ASSIGNMENT ▸
Taking the data below, please print only the lines from the line holding "Althoff Floral Damask" to the line holding "Machine Washable Abstract", inclusive, with pictures omitted.

==== INPUT DATA

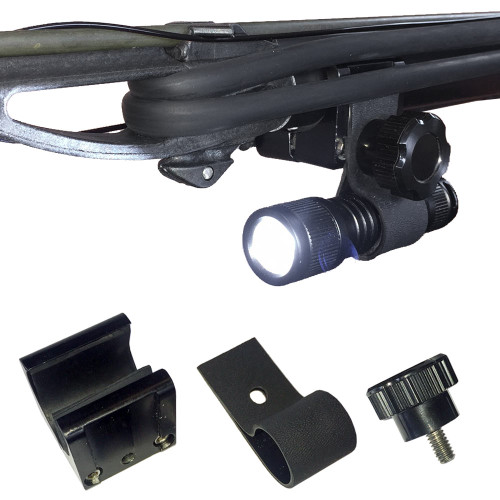 Lightweight Speargun Flashlight Bracket mounted on speargun with mini dive light, shown with separate mounting hardware components below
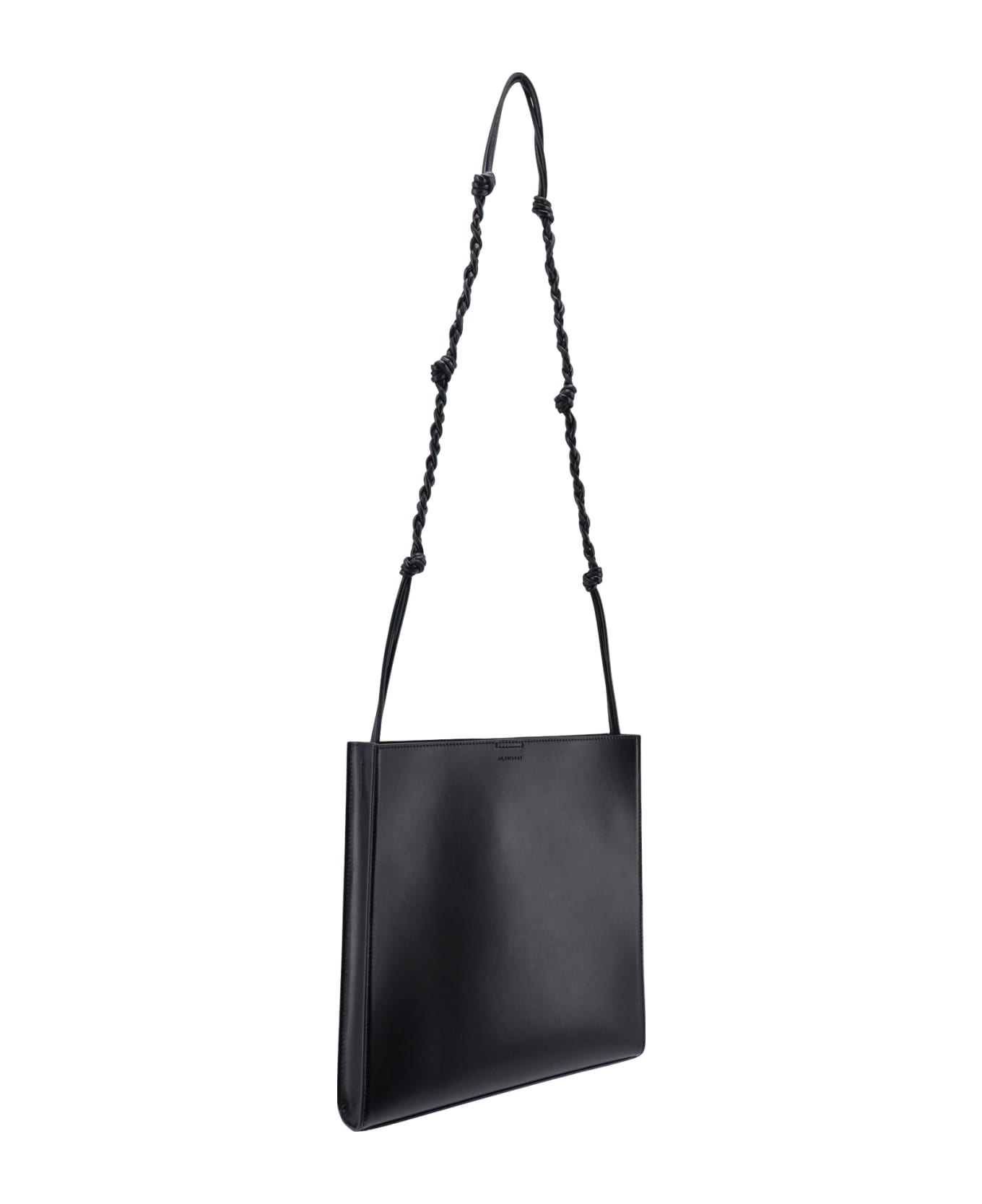 Jil Sander Medium Tangle Bag In Black Leather - 001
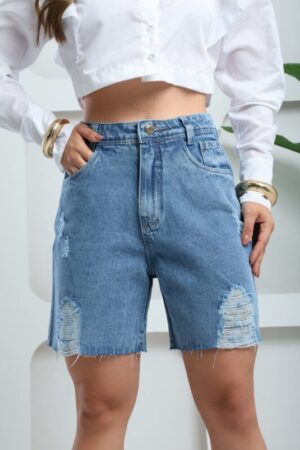 Bermuda Jeans Reta Destroyed Cintura Alta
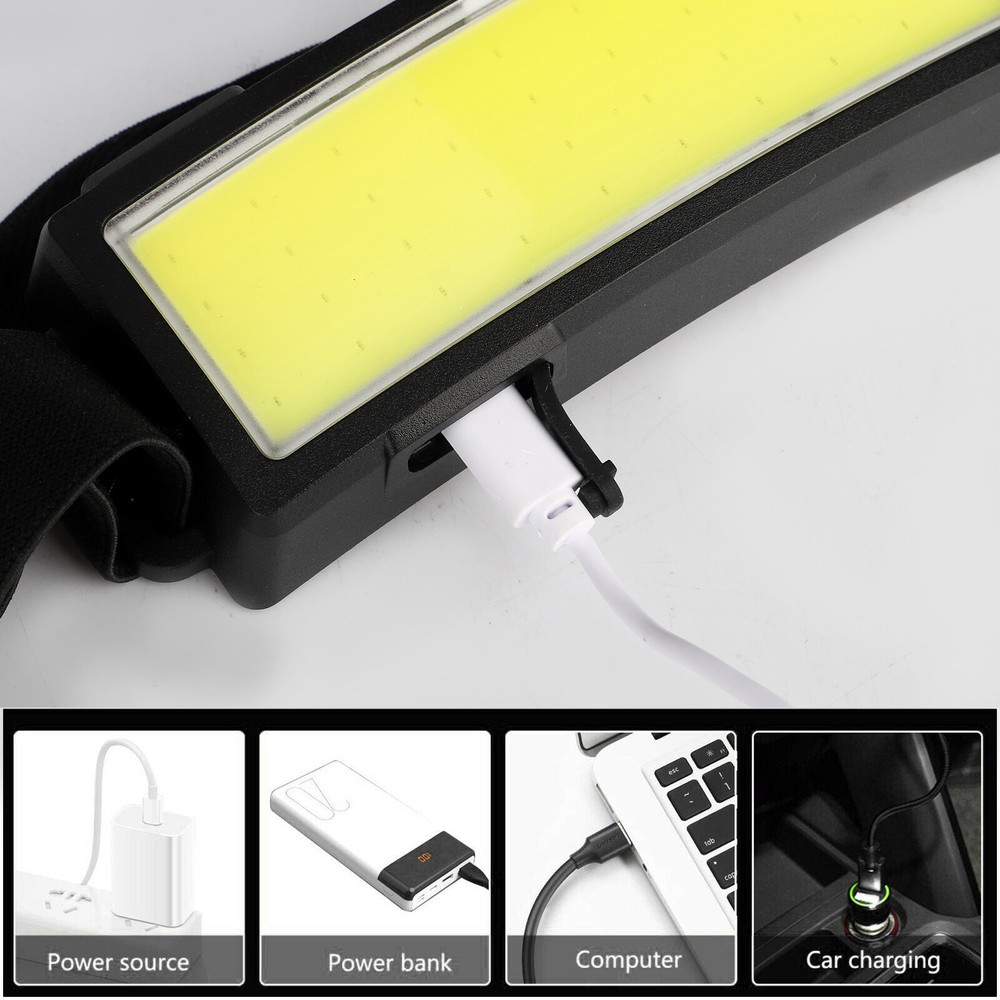 USB Rechargeable COB LED Headlamp Headlight Torch Work Light Camping Lamp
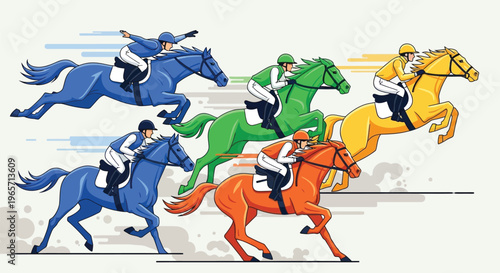 Colorful horse racing, horse riders, equestrian sports, vector icons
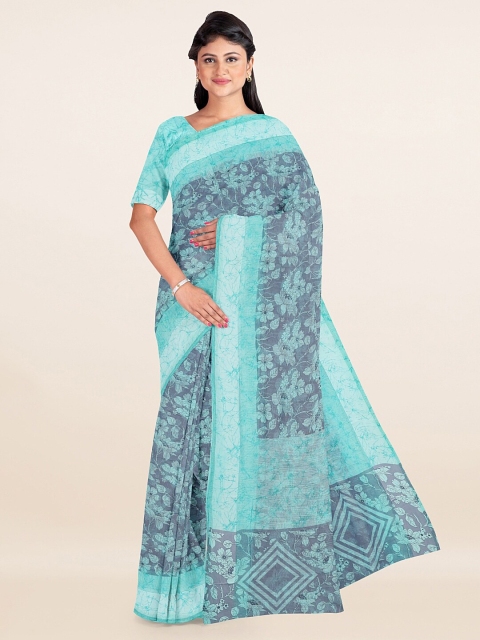 

Pothys Grey & Blue Floral Printed Cotton Saree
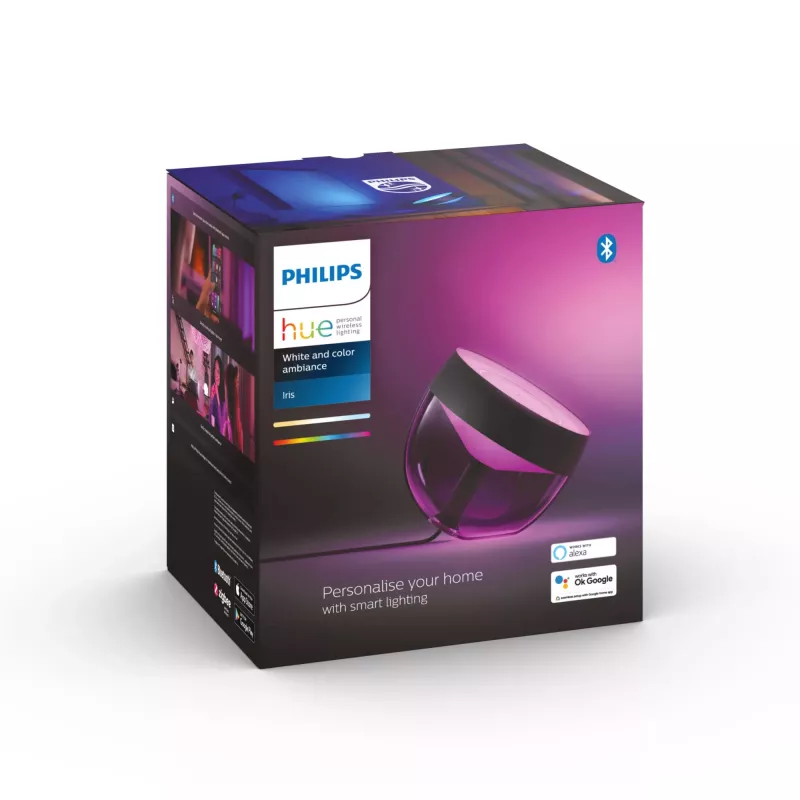 Philips Hue White and Colour Ambiance Iris lámpara de mesa inteligente, Bluetooth/Zigbee, 570 lm, 8,1 W, aluminio, negra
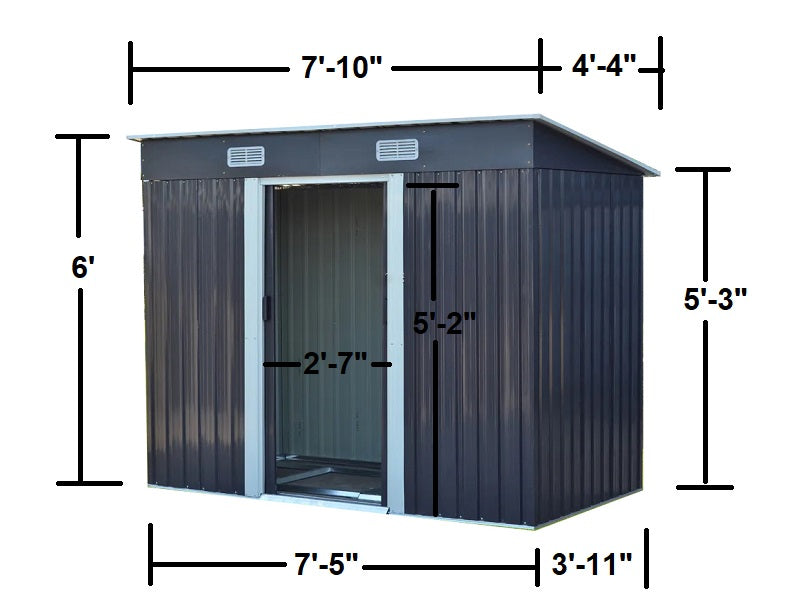 RELYARD 4X8 METAL OUTDOOR STORAGE GARDEN SHED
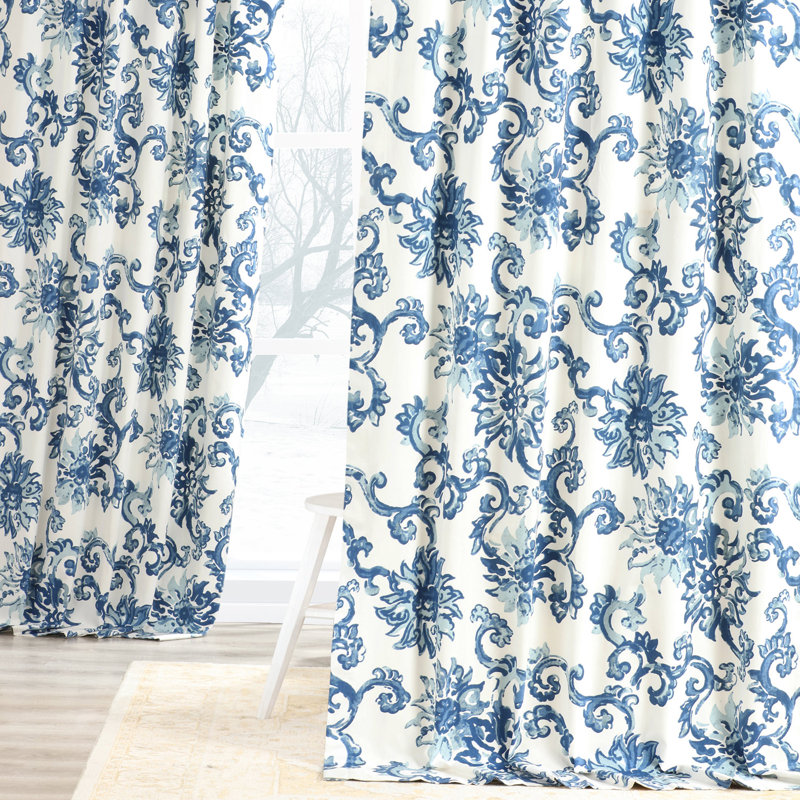 Althoff Floral Damask Printed Cotton Rod Pocket Room Darkening Curtains - Single Panel Drapes, 50"W x 120"L, Indonesian Blue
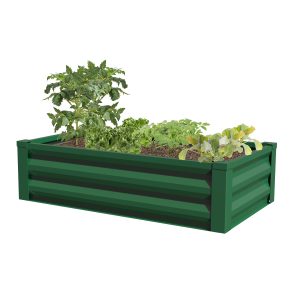 Panacea Metal Raised Garden Planter with Liner (Forest Green)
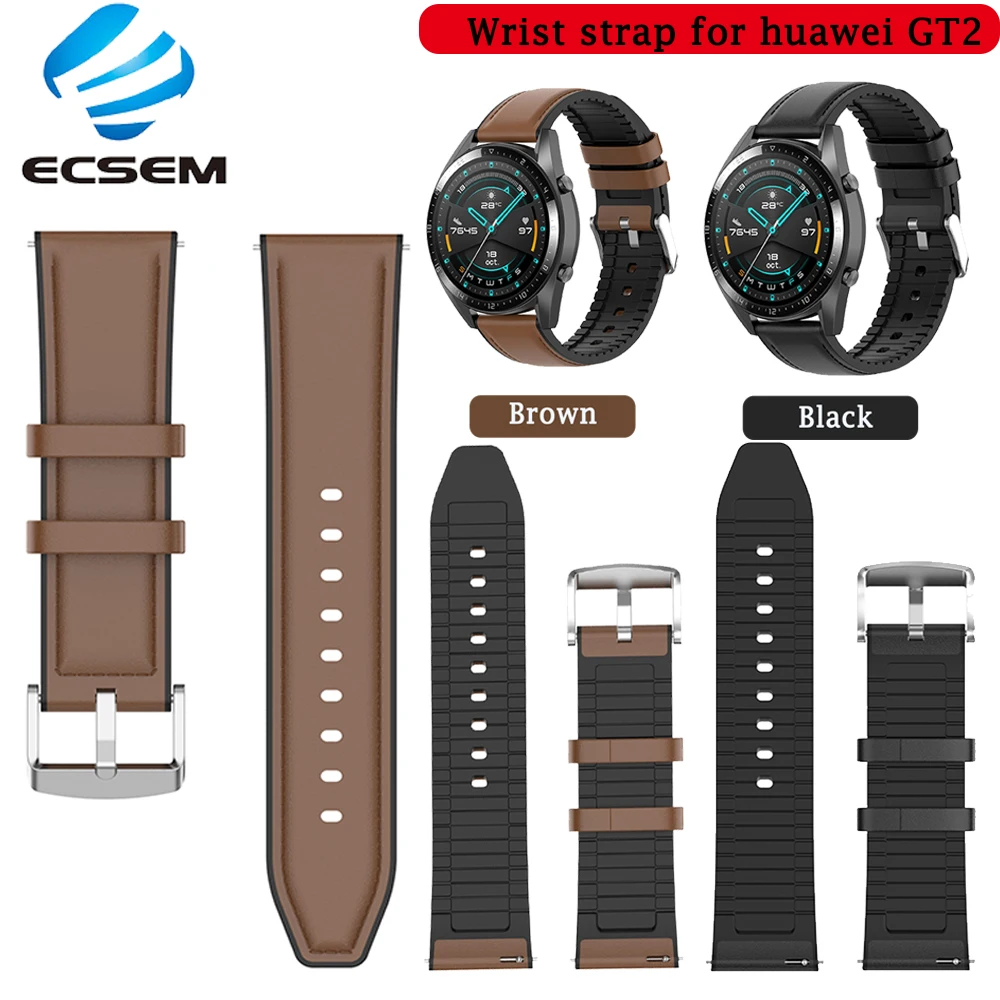 

silicone leather wrist strap for Huawei GT2 GT2 pro 42MM 46MM smart watch replacement band for Honor GS pro bracelet 20/22mm
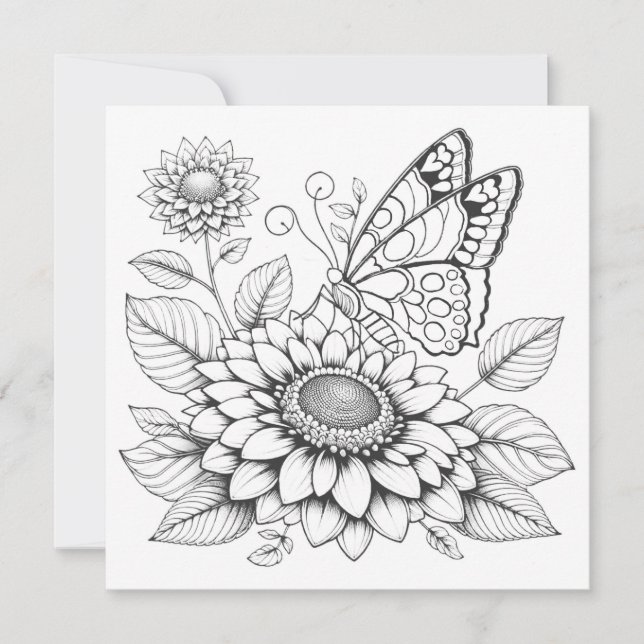 Cartes de coloriage papillon avec Journal (Devant)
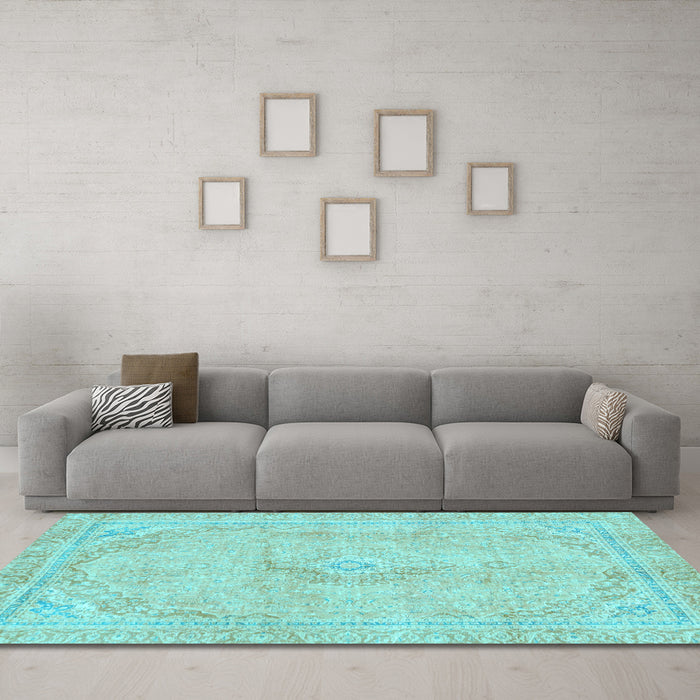 Machine Washable Abstract Light Blue Modern Rug in a Living Room, wshabs2103lblu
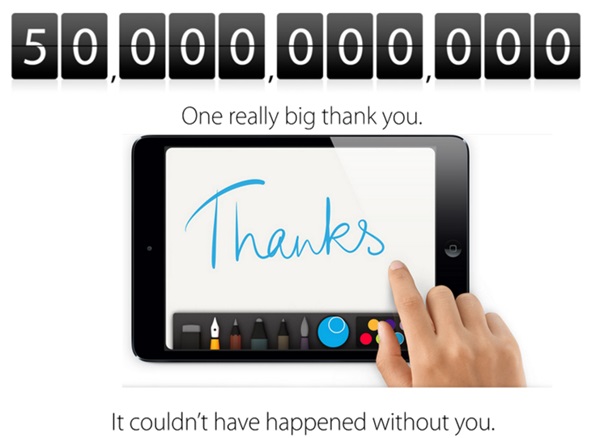 แอปเปิลเผยยอดดาวน์โหลดแอพพลิเคชั่นบน App Store ทะลุ 50,000 ล้านครั้งแล้ว พร้อมฉลองด้วยการมอบรางวัลมูลค่า $10,000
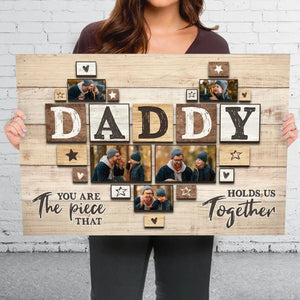 Photo personnalisée « Toujours à mes côtés » - Toile horizontale personnalisée pour la famille - Cadeau pour la fête des pères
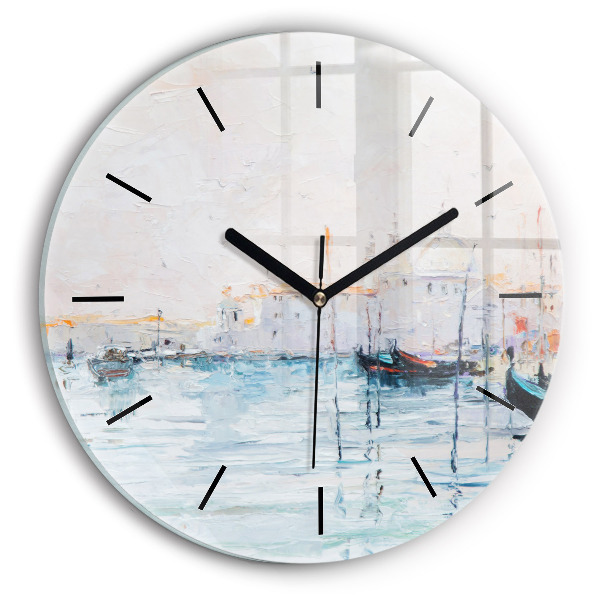 Orologio rotondo Dipinto ad olio yacht mare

========

ANSWER BELOW ▸
 Althoff Floral Damask Printed Cotton Rod Pocket Room Darkening Curtains - Single Panel Drapes, 50"W x 120"L, Indonesian Blue
 Panacea Metal Raised Garden Planter with Liner (Forest Green)

silicone leather wrist strap for Huawei GT2 GT2 pro 42MM 46MM smart watch replacement band for Honor GS pro bracelet 20/22mm
 Cartes de coloriage papillon avec Journal (Devant)
 Machine Washable Abstract Light Blue Modern Rug in a Living Room, wshabs2103lblu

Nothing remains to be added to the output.